> _TASK INSTRUCTIONS_: Only one span of the listing below should come back. It runs from the line with "Cute Penguin Pattern" through the line with "GUCCI // GG キャンバス ボストンバッグ レザー 2way 大容量", and each of its lines must be reproduced exactly.

> _LISTED ENTRIES_:

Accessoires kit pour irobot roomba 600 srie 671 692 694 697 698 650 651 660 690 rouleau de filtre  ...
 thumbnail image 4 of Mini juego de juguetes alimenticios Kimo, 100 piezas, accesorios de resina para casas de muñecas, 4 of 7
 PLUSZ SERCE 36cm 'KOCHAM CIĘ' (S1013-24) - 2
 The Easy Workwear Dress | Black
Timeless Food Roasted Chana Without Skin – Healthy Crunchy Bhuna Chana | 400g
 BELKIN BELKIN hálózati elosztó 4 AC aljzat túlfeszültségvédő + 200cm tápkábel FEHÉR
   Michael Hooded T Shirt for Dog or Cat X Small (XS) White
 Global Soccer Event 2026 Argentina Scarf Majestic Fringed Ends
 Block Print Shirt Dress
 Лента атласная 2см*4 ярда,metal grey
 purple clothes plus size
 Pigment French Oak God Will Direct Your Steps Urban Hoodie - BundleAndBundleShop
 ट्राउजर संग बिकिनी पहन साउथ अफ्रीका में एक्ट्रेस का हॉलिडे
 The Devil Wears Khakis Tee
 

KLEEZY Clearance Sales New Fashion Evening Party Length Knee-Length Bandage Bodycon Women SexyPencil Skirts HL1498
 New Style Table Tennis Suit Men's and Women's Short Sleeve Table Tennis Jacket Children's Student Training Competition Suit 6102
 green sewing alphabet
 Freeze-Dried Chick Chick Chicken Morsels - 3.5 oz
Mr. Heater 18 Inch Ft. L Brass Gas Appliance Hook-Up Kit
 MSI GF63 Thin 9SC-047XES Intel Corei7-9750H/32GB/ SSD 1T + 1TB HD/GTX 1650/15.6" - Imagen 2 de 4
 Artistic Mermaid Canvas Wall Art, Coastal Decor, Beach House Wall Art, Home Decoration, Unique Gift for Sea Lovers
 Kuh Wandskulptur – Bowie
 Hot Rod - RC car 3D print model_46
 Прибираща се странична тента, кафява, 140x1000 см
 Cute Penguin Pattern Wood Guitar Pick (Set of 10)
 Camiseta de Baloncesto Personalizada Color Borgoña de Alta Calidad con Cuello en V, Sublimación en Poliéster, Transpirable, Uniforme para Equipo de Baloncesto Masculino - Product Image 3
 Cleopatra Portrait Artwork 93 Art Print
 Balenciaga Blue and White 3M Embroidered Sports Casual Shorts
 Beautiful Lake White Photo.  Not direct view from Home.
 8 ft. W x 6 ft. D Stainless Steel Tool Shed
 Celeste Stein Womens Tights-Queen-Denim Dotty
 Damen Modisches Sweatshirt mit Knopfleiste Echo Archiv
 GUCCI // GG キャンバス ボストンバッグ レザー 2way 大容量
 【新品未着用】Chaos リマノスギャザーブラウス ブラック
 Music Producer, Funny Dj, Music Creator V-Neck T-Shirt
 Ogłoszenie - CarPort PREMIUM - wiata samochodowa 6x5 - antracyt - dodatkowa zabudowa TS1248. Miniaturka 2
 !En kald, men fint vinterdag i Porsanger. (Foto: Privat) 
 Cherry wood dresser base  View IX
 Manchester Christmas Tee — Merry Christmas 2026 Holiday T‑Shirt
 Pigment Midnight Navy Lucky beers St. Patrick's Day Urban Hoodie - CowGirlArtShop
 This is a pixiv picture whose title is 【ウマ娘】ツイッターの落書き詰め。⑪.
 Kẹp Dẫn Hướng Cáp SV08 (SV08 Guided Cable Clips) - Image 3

> _RESPONSE AREA_:
 Cute Penguin Pattern Wood Guitar Pick (Set of 10)
 Camiseta de Baloncesto Personalizada Color Borgoña de Alta Calidad con Cuello en V, Sublimación en Poliéster, Transpirable, Uniforme para Equipo de Baloncesto Masculino - Product Image 3
 Cleopatra Portrait Artwork 93 Art Print
 Balenciaga Blue and White 3M Embroidered Sports Casual Shorts
 Beautiful Lake White Photo.  Not direct view from Home.
 8 ft. W x 6 ft. D Stainless Steel Tool Shed
 Celeste Stein Womens Tights-Queen-Denim Dotty
 Damen Modisches Sweatshirt mit Knopfleiste Echo Archiv
 GUCCI // GG キャンバス ボストンバッグ レザー 2way 大容量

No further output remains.